In de tijd dat Gideon leefde, ging het niet goed met Israël. Elk jaar, als de oogst op het land stond en bijna binnengehaald kon worden, kwamen er vijanden die alles kapot maakten. De Israëlieten waren niet in staat om zich te verdedigen. Al zeven lange jaren achter elkaar werden de oogsten vernietigd en werd er van alles geroofd. Er heerste bittere armoede in Israël.
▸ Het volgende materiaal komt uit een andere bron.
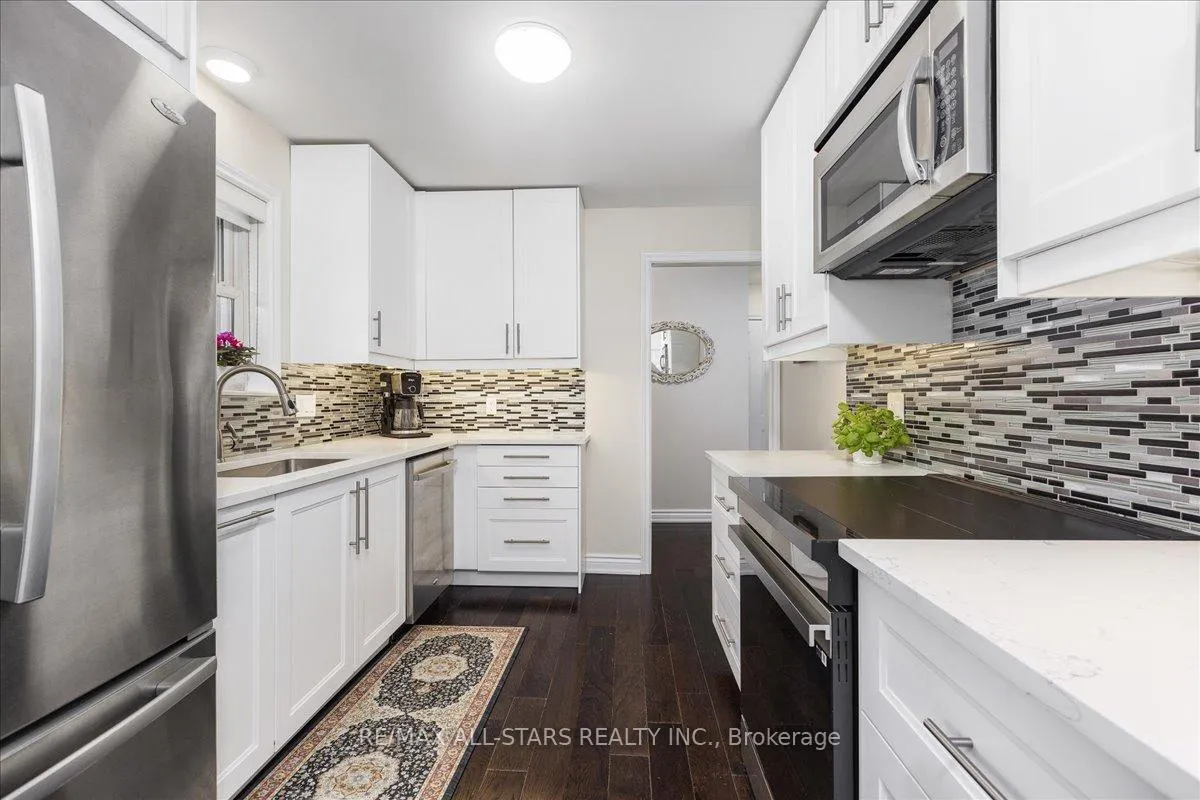 Photo 10 of 420 Centre Street, Brock, Beaverton — HOMEH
Maar dan komt er een engel bij Gideon. ‘Jij moet Israël redden’. Ergens is Gideon er niet helemaal gerust op. Hij vraagt een paar keer om een teken aan God of Hij hem echt wil helpen. En dan verzamelt Gideon een heel leger. Hij vraagt aan alle mannen in Israël die kunnen vechten, om hem te helpen. God heeft echter andere plannen. Het gaat niet om de grote van het leger, maar om het vertrouwen op God. Het leger van Gideon wordt steeds kleiner. Tot slot heeft Gideon nog maar 300 soldaten over. Driehonderd! Kun je daarmee de vijand ooit verslaan?
God begrijpt goed dat Gideon bang is. Bang zijn is op zich niet erg. ‘Sluip vannacht maar met je knecht naar het legerkamp van de vijand. Luister maar wat daar gezegd wordt’. Met deze God durft Gideon het te wagen. Een klein leger tegen een overmacht. Toch weet Gideon Israël weer te bevrijden van de vijanden. Er breekt een rustige periode aan. Door Gods hulp!
Vraag: wanneer voel jij je veilig? Voel je je ook wel eens niet zo veilig? Wat doe je dan?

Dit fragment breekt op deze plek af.